I can’t believe there’s not a single grilled cheese recipe post on this blog yet! Seriously, myself. Get yourself together a bit.
I guess it’s safe to say that this household would be a far, far less happy place if it wasn’t for the frequent visits of ooey-gooey and super crusty grilled cheese sandwiches.
When we got home in a rush last week I quickly made up this mushroom triple cheese grilled cheese recipe (ugh,
tongue fingers-typing twister).
I mean, my cheese-loving Swiss heart can never say no to a mound of melted cheese slapped on some bread. I even put the stuff into this Mozzarella Stuffed Bacon Wrapped Meatloaf, now if that’s not dedication!
But when my non-Swiss, still-cheese-loving husband with excessively evolved tastebuds stops talking to me because he’s busy eating – I know I need to share the recipe with you.
When I did a bit of research I stumbled upon the most disappointing thing ever:
National Grilled Cheese Day just passed?
OK, seriously bad timing. But when I asked a few blogging friends for help, Liz from Floating Kitchen was kind enough to tell me it’s actually Grilled Cheese Month and I was totally good to go.
So here it is, one amazing Mushroom Triple Cheese Grilled Cheese recipe.
But why triple cheese?
Oh, I’m glad you asked.
a) There’s mozzarella for extra gooey meltiness
b) there’s cheddar for that kick of flavor and
c) there’s creamy goat cheese for well, just that:
Super delicious creaminess.
You don’t like goat cheese? No problem, any regular old cream cheese will do just as well.
Uhm, and just one thing: Grilled Cheese Month? Awesome. Simply awesome.
Mushroom Triple Cheese Grilled Cheese Recipe
- 2 portobello mushrooms
- Salt & pepper to taste
- 2 slices thick crusty bread sourdough is perfect
- 2 teaspoons butter
- 2 slices mozzarella cheese
- 2 tablespoons heaping cheddar shredded
- 1 teaspoon oregano leaves
- 1 large roasted red pepper halved and patted dry, from a jar
- 2 teaspoons heaping creamy goat cheese or use regular cream cheese
- Heat a grilling pan over medium high heat and grill the mushrooms until softened all the way through, about 4 minutes per side. Season with salt & pepper to taste and set aside.

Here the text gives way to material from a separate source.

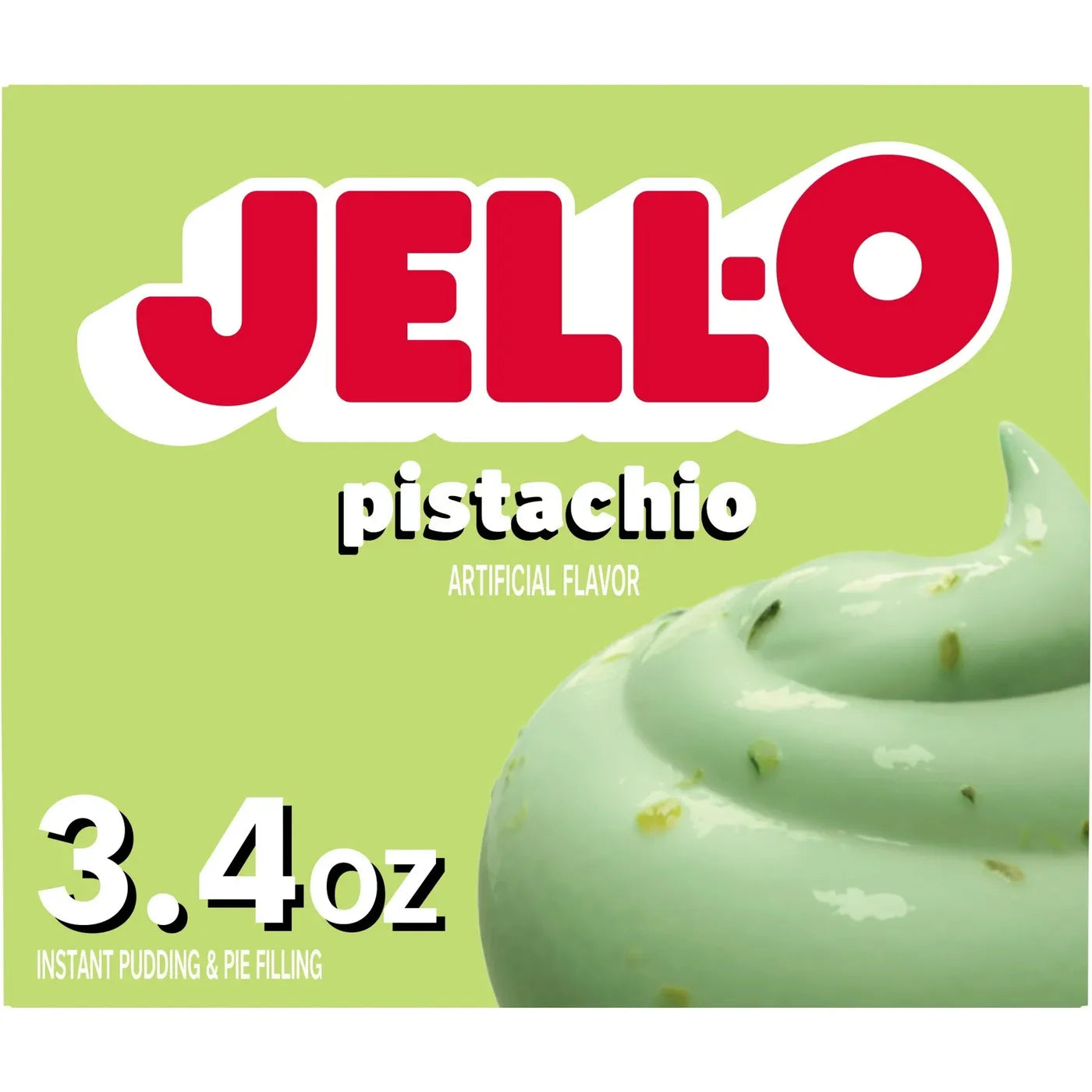 Jell-o Pistachio 96gr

- While the mushrooms are cooking, spread the butter on one side of each slice. Buttered side facing down, top one slice with half of the mozzarella, half of the cheddar, half of the oregano and one slice of the red pepper.
- Once they are ready, add the mushrooms on top and distribute the goat cheese over them. Top with the remaining ingredients in the reverse order, finishing with the second slice of bread, buttered side facing up.
- Grill in the hot grilling pan over medium to medium-high heat for about 3-5 minutes per side or until the bread is golden brown and the cheese is melted. For best results, top with something heavy (like a dinner plate) or press down with a panini press.